# WHAT TO DO
Reproduce every record exactly.

# RECORDS SHOWN

BEGIN

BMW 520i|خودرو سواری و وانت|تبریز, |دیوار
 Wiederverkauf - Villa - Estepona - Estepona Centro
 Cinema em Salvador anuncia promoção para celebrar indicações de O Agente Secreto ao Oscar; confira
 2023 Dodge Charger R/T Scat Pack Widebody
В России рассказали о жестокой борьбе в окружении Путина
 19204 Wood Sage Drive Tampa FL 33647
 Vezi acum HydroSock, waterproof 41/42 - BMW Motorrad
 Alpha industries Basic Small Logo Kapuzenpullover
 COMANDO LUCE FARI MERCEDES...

END

# REPLY TO THE TASK
BMW 520i|خودرو سواری و وانت|تبریز, |دیوار
 Wiederverkauf - Villa - Estepona - Estepona Centro
 Cinema em Salvador anuncia promoção para celebrar indicações de O Agente Secreto ao Oscar; confira
 2023 Dodge Charger R/T Scat Pack Widebody
В России рассказали о жестокой борьбе в окружении Путина
 19204 Wood Sage Drive Tampa FL 33647
 Vezi acum HydroSock, waterproof 41/42 - BMW Motorrad
 Alpha industries Basic Small Logo Kapuzenpullover
 COMANDO LUCE FARI MERCEDES...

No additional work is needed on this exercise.